* _How to complete this task_: Extract every line from the records below that contains the word "Sleeve".

────────

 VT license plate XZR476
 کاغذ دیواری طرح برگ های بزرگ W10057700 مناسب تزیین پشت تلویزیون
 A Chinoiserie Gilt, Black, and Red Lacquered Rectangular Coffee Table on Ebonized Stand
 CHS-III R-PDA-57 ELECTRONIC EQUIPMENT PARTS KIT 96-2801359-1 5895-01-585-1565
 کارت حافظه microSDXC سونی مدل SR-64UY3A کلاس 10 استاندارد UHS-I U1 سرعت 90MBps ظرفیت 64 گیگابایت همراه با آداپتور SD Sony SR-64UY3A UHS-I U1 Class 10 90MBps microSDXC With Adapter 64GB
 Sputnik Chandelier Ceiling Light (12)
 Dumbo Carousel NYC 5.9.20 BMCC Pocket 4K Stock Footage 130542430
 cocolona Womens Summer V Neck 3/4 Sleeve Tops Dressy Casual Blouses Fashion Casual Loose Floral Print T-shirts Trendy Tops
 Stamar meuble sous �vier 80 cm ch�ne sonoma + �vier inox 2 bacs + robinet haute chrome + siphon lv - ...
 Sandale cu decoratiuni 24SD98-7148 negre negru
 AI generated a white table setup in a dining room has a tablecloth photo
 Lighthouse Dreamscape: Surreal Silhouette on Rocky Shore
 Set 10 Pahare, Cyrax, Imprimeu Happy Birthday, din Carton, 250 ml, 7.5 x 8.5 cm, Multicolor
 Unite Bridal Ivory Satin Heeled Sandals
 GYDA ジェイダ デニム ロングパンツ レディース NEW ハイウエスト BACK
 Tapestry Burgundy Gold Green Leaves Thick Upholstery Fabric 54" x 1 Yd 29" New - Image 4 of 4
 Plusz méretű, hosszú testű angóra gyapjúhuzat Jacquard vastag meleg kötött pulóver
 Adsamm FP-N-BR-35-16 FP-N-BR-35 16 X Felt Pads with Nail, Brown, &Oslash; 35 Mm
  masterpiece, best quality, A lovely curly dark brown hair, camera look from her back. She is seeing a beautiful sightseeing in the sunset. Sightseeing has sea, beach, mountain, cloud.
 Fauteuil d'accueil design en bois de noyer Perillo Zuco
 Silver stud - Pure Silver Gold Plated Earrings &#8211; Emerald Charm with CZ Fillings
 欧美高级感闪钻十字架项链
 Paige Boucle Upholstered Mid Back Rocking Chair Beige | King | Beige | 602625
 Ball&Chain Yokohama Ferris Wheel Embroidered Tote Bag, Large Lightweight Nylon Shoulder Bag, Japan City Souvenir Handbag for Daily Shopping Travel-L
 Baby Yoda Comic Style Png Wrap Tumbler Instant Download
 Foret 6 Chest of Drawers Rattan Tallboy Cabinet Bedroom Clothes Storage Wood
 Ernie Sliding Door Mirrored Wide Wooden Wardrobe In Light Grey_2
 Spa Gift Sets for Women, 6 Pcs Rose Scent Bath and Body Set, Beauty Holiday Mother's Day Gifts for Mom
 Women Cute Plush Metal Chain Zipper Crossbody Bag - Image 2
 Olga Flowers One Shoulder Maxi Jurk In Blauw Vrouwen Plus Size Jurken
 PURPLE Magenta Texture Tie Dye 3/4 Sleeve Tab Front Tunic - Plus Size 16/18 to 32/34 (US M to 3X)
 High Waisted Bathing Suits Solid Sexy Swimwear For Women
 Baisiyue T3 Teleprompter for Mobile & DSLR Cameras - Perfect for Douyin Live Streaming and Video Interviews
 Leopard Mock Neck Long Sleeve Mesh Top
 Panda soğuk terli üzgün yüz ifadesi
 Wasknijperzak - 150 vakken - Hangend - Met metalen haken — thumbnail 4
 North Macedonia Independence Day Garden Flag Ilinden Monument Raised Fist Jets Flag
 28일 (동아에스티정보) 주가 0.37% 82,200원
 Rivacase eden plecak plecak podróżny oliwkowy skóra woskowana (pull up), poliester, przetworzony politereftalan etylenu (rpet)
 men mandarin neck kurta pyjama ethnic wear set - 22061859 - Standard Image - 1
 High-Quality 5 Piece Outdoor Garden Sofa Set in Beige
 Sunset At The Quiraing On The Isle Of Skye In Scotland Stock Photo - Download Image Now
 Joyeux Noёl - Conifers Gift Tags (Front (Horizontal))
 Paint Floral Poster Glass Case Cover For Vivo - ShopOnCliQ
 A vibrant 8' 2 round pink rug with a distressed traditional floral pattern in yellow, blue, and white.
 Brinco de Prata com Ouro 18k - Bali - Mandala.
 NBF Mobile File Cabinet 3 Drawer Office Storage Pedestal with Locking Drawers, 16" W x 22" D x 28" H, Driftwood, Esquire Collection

────────

* _Answer box_:
 cocolona Womens Summer V Neck 3/4 Sleeve Tops Dressy Casual Blouses Fashion Casual Loose Floral Print T-shirts Trendy Tops
 PURPLE Magenta Texture Tie Dye 3/4 Sleeve Tab Front Tunic - Plus Size 16/18 to 32/34 (US M to 3X)
 Leopard Mock Neck Long Sleeve Mesh Top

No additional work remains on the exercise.